"Subscription-video-on-demand (SVOD) services are available on many online video streaming platforms (VSPs)
in China, such as iQiyi, Youku and Tencent Video, backed by Baidu, Alibaba and Tencent groups (BAT), respectively.
The video content on these platforms can be the same shows as those broadcasted on national or provincial
television stations, or originally produced and exclusively streamed on the VSP. Meanwhile, VSPs purchase the distribution rights of foreign films and
television series to enrich the content pool. By way of example, the first
season of the U.S. sitcom Friends (1994) is now available on Tencent Video.
The content on VSPs can be viewed on a computer screen, iPad, or cell phone
or be streamed via a TV box on the back of the television screen, facilitated
by 4G or 5G networks. Many audiences may not sit in front of the TV screen
with family members and may prefer watching content alone on a screen of their own and interacting with other viewers through bullet screen comments. As Michael Curtin has suggested, television is ""no longer a broadcast medium
or a network medium, or even a multichannel medium; television had become a
matrix medium, an increasingly flexible and dynamic mode of communication"", characterized by ""interactive exchanges, multiple sites of productivity and
diverse modes of interpretation and use"" (Curtin 2009, 13).
This book aims to provide an account of Chinese television, particularly
online drama series, or webisodes, with an awareness of the existence and
competition of Netflix. Currently, Chinese VSPs of webisodes cannot defeat
Netflix in terms of production value, nor can they be like Netflix, as is the
case for its Belgian alternative (Raats & Evans 2021). We can analyze the
strategies that these VSPs deployed for survival and development. As of
December 2012, the number of internet users in China reached one billion,
among which 99.7 percent go online through mobile phones, and 33 percent
through televisions (CNNIC 2022, 11-17). However, as Zhao Jing (2017) has
argued, the media convergence of broadcasting, telecommunications and the
Internet is far more complicated than technology convergence. It involves
negotiations of power relations, commercial interests and national cultural
security concerns.
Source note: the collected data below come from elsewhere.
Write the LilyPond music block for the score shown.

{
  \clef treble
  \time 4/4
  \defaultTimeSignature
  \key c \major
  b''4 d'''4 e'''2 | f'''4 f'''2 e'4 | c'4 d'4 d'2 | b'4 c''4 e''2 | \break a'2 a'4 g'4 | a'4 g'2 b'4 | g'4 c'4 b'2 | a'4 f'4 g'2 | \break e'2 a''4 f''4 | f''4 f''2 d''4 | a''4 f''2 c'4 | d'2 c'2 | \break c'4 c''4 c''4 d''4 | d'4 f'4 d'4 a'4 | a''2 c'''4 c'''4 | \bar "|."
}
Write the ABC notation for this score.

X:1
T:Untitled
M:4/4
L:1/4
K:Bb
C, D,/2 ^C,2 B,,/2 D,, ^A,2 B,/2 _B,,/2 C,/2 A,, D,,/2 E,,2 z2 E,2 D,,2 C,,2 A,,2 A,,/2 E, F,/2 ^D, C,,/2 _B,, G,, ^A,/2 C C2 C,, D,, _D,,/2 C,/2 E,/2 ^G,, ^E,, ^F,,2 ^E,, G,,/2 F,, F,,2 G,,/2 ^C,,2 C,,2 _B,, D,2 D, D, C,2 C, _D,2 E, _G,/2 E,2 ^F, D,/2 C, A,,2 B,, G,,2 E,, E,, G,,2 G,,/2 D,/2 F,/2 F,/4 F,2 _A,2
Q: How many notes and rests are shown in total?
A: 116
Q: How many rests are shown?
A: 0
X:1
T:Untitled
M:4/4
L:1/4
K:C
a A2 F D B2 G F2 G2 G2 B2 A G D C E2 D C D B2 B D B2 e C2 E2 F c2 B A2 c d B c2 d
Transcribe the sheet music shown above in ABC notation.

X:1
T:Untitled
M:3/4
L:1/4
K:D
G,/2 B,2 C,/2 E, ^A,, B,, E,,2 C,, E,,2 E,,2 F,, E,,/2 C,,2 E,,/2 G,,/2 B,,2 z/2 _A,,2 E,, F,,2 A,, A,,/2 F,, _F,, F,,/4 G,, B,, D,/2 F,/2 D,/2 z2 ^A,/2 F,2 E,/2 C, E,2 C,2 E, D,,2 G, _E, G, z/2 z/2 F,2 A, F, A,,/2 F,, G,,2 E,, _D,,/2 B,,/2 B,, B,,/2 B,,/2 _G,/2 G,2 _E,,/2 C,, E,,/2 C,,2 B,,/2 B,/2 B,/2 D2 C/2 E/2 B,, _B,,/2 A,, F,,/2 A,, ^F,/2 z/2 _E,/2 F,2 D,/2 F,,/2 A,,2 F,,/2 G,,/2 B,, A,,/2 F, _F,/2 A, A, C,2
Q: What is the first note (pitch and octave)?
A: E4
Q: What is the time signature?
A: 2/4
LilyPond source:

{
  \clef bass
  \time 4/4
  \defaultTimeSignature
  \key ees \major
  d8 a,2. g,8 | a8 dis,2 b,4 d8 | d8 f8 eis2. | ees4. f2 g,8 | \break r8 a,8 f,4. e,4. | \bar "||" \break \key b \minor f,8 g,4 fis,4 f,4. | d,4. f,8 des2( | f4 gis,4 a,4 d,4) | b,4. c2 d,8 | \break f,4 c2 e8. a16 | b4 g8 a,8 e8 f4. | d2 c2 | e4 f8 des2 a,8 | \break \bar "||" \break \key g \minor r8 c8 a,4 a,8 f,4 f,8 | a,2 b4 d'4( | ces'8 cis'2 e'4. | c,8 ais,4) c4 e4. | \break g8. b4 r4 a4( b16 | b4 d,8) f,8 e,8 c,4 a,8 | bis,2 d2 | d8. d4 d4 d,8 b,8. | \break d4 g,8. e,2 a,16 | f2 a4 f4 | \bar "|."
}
What is available to the one billion internet users
watching webisodes today is achieved through ""bumpy roads towards convergence"".
Traditional models of TV drama distribution are being transgressed. China Central Television (CCTV) and provincial stations no longer dominate the market.TV drama release schedules have changed from ""TV station first,
internet later"" strategies to synchronous schedules, or even ""internet first,
TV station later"" strategies (Fan & Chen 2021, 8). Audiences aged from 18
to 30 represent 67.2% of the audience of TV dramas online (ibid, 5). The
relationship between state administration and VSP marketization is by no
means straightforward or easy to grasp. It is a consensus among Chinese television scholars that there is a paradox between implementing a neoliberal
strategy of marketization and maintaining control over ideology and national cultural security (Zhao 1998; Fung 2009; Wang & Lobato 2009). TV drama production and consumption are at the center of this paradoxical
relationship. This book covers topics on business strategies of VSPs,
original content production trends, trans-media stories telling cases, practitioner insights and audiences behaviour."